[WHAT TO PRODUCE]:
Find the line with "Peachleaf Pirates PC Crack Peachleaf" and the line with "A Magia dos Jogos de Fantasia na 8899win" in the entries below; output exactly those two lines, every line between them, and no others.

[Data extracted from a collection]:
[Start of section]
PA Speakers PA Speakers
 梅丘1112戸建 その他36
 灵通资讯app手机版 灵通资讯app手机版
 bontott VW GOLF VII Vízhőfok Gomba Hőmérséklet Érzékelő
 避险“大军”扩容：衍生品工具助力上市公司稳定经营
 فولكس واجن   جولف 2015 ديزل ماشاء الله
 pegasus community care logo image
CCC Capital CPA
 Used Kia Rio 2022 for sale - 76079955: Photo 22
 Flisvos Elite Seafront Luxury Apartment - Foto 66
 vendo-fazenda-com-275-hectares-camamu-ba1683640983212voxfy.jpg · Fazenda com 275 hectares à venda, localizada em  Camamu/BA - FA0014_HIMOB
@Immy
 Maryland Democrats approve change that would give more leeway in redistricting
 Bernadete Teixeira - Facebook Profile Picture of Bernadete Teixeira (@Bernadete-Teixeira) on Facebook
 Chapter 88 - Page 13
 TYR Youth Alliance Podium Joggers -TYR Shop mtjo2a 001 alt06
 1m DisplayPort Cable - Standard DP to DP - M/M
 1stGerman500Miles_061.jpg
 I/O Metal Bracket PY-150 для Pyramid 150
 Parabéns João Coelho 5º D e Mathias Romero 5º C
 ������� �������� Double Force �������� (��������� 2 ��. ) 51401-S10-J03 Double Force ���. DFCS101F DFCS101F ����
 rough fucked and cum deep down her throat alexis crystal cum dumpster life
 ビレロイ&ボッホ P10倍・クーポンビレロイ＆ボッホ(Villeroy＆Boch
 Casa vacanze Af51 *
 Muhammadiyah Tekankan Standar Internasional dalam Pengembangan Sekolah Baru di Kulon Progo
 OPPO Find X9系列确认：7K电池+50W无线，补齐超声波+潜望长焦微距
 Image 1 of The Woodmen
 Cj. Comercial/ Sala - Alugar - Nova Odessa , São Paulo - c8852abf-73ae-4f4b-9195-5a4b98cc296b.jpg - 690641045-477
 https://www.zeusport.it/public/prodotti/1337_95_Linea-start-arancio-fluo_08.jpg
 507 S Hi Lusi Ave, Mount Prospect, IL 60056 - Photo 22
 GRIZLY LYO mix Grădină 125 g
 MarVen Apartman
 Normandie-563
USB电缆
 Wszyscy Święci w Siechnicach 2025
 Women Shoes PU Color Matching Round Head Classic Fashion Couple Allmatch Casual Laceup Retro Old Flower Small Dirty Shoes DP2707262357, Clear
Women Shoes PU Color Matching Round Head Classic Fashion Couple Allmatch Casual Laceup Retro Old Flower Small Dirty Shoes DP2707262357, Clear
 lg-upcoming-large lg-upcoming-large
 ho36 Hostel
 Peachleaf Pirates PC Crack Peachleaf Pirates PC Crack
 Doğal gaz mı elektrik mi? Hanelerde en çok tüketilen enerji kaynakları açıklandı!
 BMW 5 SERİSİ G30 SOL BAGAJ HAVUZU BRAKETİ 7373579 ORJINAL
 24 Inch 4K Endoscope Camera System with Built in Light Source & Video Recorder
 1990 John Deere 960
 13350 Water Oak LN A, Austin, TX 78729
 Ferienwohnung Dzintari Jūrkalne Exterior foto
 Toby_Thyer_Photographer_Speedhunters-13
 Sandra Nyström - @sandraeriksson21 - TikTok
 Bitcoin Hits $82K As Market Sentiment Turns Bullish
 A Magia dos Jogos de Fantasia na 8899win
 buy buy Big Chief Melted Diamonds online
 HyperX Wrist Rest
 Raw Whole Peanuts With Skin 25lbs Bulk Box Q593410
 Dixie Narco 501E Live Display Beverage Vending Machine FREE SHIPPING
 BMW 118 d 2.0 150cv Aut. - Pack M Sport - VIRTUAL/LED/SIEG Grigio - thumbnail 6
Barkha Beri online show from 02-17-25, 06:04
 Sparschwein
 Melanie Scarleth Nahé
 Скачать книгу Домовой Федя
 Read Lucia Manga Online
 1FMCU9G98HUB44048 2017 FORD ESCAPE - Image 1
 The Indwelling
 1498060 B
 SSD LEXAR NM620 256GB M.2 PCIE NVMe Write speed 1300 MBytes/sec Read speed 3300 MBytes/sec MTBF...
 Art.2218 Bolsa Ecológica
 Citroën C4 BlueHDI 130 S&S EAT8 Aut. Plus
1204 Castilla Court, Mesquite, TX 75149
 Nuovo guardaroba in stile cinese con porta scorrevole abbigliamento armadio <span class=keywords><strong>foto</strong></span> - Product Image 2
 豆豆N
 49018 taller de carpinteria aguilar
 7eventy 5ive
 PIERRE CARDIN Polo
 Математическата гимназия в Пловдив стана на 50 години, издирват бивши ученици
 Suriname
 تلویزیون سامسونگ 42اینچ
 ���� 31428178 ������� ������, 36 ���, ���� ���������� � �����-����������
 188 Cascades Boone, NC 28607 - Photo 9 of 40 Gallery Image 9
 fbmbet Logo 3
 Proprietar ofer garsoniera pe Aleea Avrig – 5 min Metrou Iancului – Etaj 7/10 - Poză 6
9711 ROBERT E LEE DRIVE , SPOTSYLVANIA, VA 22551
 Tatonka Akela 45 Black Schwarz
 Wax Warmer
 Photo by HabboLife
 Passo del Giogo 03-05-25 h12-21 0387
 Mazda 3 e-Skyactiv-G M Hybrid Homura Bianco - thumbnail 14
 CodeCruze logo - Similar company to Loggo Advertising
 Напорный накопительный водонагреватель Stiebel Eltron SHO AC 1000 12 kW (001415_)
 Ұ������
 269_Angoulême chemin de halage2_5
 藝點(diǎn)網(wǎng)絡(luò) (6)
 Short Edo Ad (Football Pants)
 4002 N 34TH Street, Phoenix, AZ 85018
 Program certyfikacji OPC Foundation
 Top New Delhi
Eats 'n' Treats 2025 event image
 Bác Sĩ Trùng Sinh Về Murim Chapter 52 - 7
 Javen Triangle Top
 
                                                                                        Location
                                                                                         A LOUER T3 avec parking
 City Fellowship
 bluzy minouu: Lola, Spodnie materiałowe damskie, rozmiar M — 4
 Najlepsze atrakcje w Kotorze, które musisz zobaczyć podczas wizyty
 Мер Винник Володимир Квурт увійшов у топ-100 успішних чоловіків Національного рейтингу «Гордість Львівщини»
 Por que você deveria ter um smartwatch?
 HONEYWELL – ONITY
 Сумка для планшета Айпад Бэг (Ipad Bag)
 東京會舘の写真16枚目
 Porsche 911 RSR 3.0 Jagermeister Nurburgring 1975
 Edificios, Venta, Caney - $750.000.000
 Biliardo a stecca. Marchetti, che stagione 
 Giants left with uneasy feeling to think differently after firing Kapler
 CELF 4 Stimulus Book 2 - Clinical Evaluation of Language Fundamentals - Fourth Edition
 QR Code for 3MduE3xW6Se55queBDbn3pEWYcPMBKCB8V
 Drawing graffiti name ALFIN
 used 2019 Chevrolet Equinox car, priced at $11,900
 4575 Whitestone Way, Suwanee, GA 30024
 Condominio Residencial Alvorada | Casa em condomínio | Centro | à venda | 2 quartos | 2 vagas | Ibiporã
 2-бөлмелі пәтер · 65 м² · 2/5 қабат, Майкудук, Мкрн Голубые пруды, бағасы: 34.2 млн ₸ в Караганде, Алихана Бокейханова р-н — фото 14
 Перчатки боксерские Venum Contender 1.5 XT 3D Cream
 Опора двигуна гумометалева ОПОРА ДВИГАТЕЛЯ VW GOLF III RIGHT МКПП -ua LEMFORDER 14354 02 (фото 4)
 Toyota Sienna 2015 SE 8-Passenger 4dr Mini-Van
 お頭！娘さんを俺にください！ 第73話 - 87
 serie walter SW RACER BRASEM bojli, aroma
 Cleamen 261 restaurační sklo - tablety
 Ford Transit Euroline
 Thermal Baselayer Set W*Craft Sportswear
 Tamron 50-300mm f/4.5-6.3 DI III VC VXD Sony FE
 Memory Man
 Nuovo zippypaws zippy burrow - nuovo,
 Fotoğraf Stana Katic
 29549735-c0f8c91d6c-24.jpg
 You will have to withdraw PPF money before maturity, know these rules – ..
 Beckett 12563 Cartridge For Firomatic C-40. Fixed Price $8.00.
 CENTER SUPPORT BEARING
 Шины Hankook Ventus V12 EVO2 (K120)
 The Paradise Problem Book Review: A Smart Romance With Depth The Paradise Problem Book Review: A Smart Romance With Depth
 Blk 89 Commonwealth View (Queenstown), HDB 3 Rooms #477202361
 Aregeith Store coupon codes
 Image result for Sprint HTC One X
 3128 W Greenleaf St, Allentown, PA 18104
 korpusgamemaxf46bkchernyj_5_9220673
[End of section]
[RESULT OF THE EXERCISE]:
 Peachleaf Pirates PC Crack Peachleaf Pirates PC Crack
 Doğal gaz mı elektrik mi? Hanelerde en çok tüketilen enerji kaynakları açıklandı!
 BMW 5 SERİSİ G30 SOL BAGAJ HAVUZU BRAKETİ 7373579 ORJINAL
 24 Inch 4K Endoscope Camera System with Built in Light Source & Video Recorder
 1990 John Deere 960
 13350 Water Oak LN A, Austin, TX 78729
 Ferienwohnung Dzintari Jūrkalne Exterior foto
 Toby_Thyer_Photographer_Speedhunters-13
 Sandra Nyström - @sandraeriksson21 - TikTok
 Bitcoin Hits $82K As Market Sentiment Turns Bullish
 A Magia dos Jogos de Fantasia na 8899win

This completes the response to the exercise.